'''

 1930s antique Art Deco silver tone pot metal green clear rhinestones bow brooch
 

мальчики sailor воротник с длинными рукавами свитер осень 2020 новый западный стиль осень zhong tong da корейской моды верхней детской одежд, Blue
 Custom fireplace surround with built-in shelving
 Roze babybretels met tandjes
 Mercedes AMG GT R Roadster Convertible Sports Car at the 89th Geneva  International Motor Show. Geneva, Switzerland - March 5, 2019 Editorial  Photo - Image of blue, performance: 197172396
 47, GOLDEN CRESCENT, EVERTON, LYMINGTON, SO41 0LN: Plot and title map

'''
'''

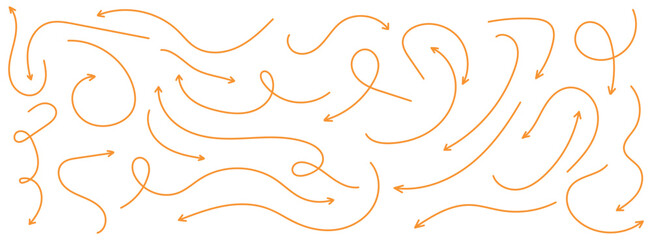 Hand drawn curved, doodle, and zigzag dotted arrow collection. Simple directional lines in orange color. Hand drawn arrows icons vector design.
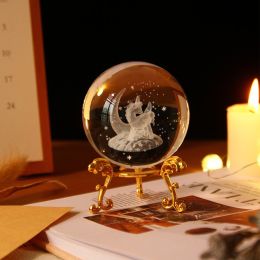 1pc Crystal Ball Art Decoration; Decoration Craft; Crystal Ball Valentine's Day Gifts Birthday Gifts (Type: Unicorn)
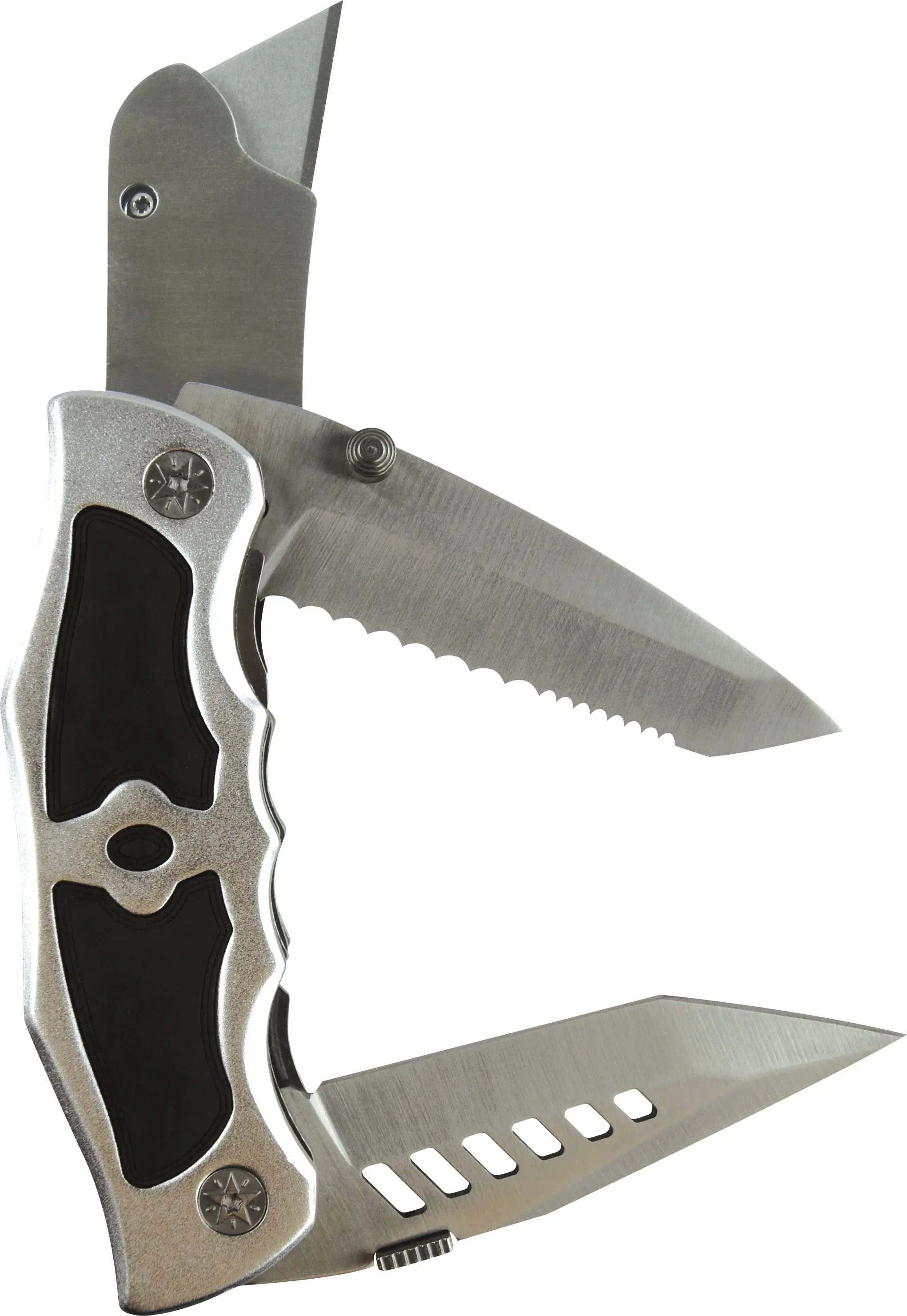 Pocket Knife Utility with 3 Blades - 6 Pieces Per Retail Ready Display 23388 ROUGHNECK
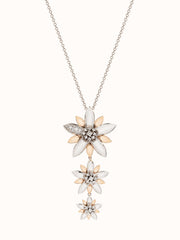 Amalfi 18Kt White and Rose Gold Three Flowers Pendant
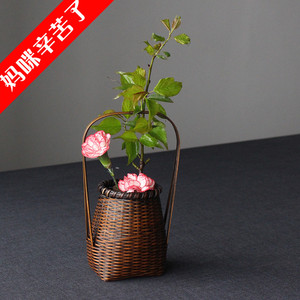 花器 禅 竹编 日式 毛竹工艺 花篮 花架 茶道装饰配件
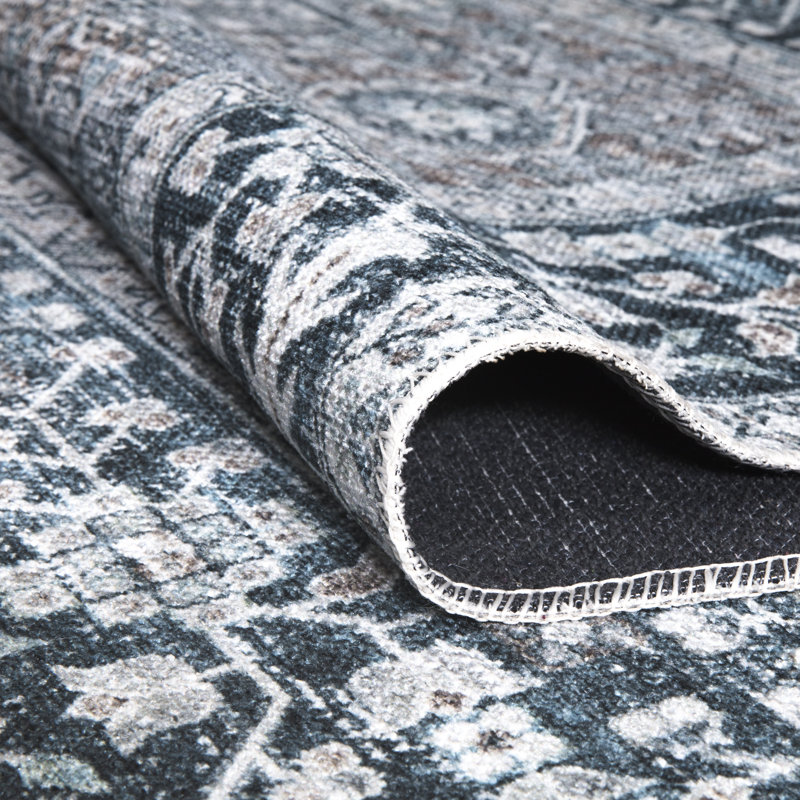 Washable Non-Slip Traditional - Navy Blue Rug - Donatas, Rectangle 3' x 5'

'''

_Problem_
Print exactly the lines above from the one with "мальчики sailor воротник" to the one with "47, GOLDEN CRESCENT, EVERTON, LYMINGTON, SO41", including both.

_Task output_
мальчики sailor воротник с длинными рукавами свитер осень 2020 новый западный стиль осень zhong tong da корейской моды верхней детской одежд, Blue
 Custom fireplace surround with built-in shelving
 Roze babybretels met tandjes
 Mercedes AMG GT R Roadster Convertible Sports Car at the 89th Geneva  International Motor Show. Geneva, Switzerland - March 5, 2019 Editorial  Photo - Image of blue, performance: 197172396
 47, GOLDEN CRESCENT, EVERTON, LYMINGTON, SO41 0LN: Plot and title map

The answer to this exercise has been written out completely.